Nel 1980 il Boca Juniors è impiegato in una gara di campionato contro l’Argentinos Juniors, la squadra in cui milita un giovane e talentuoso attaccante sul quale tutta l’Argentina è pronta a scommettere: un certo Diego Armando Maradona. Gatti non si lascia impressionare dal gioiello nazionale, anzi, prima lo insulta pubblicamente definendolo un barilotto cicciottello che non potrà fare strada nello sport, poi gliene dice quattro anche in campo: “Ma dove pensi di andare? Non mi segnerai mai, grassone”. Maradona, però, coi piedi ha sempre fatto ciò che voleva, non si fa intimidire e prepara una vendetta che serve immediata a quel portiere così sbruffone: prima gli risponde per le rime: “Adesso ti faccio 4 gol”, poi passa ai fatti e rifila proprio una quaterna a Gatti e al Boca Juniors che perde 5-3 ma che proprio grazie a quella scoppola si innamora di Maradona e lo ingaggia. I due diventeranno amici e compagni, saranno i burloni e l’anima dello spogliatoio del Boca. Hugo Gatti si ritira nel 1988 dopo qualche errore di troppo e a 44 anni di età, lasciando dietro di sè 26 anni di carriera e 755 presenze nella serie A argentina, record assoluto nella Primera Division. Dopo qualche divergenza politica si è riappacificato con il popolo del Boca, da sempre storicamente di fede peronista e che non aveva gradito alcune dichiarazioni di Gatti, favorevole a Raul Ricardo Alfonsin, presidente argentino di stampo socialista.

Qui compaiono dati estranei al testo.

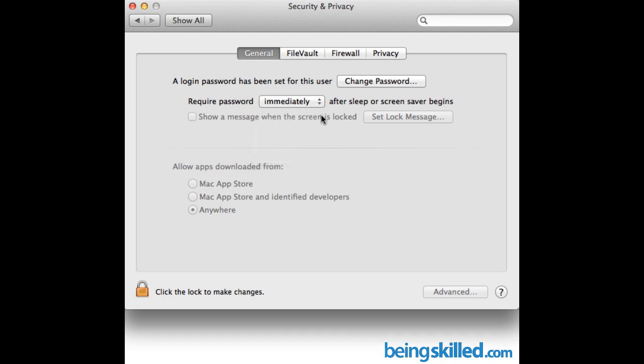So this is how we tweak the system so that it becomes even more secure. I hope this will help you in securing your data and your MacBook Pro. So thank you for watching the tutorial.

A Hugo Gatti sono legati i ricordi di un portiere eccentrico ed anticonvenzionale, di uno che durante le partite scambiava opinioni tecniche coi tifosi dietro la sua porta, o che rilasciava interviste mentre faceva gli addominali in palestra perchè così “riusciva a concentrarsi meglio sulle cazzate che doveva dire“. Ha vissuto così il calcio e la sua professione, divertendosi e prendendo tutti (compreso se stesso) poco sul serio, arrivando senza stress a giocare fino alla soglia dei 45 anni. Non ha giocato e vinto i mondiali, pur avendone teoricamente la possibilità, e a chi gli chiede se di ciò abbia rimpianti risponde che della coppa del mondo non gliene fregava niente. Del resto, se avesse risposto diversamente non sarebbe stato Hugo Gatti “El Loco“. Per fortuna, invece, lo è stato.